Penis zamiast "X" na karcie do głosowania. Głos uznano za ważny

Dodano:   /  Zmieniono: 
Wybory (fot. roibu/fotolia.pl)
Glyn Davies, brytyjski deputowany z ramienia Partii Konserwatywnej podziękował na Facebooku wyborcy, który zamiast krzyżyka przy jego nazwisku narysował... penisa.
Davies startował w czwartkowych wyborach parlamentarnych w Anglii i został wybrany na kolejną kadencję. Ponieważ uzyskał reelekcję i pierwszy raz w historii konserwatystom udało się zwyciężyć drugi raz z rzędu w okręgu Montgomeryshire w Walii postanowił podziękować z wyborcom. Oprócz tradycyjnego podziękowania dodał od siebie dosyć nietypową informację.

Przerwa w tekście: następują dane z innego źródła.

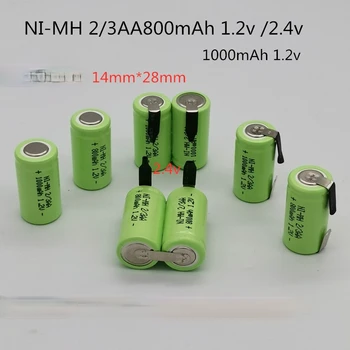 2/3AA 1000 mah 1.2/2,4 На Ni-MH батерия 2/3aa1000 ма с никелово лист за FLYCO Супермен бръснач акумулаторна батерия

"Nie wiem co artysta miał na myśli"

"Jeden z wyborców zdecydował się na szczegółowy rysunek penisa zamiast krzyżyka przy moim nazwisku. O dziwo, ponieważ został starannie wkomponowany w pole, komisja wyborcza uznała głos za ważny" - napisał Davies. "Nie jestem pewien, co artysta miał na myśli, ale jestem wdzięczny. Gdybym wiedział, kto to był, podziękowałbym jej lub jemu osobiście" - dodał.

"Dick pic election"

Podczas głosowania w Wielkiej Brytanii przy nazwisku kandydata należy postawić znak X, ale głosy są uznawane za ważne jeżeli tylko znaczek umieszczony w kratce nie przekracza wyznaczonego pola. Independent napisał nawet, że tegoroczne wybory są prześmiewczo określane jako "dick pic election", czyli w luźnym tłumaczeniu "wybory ilustrowanego wacka".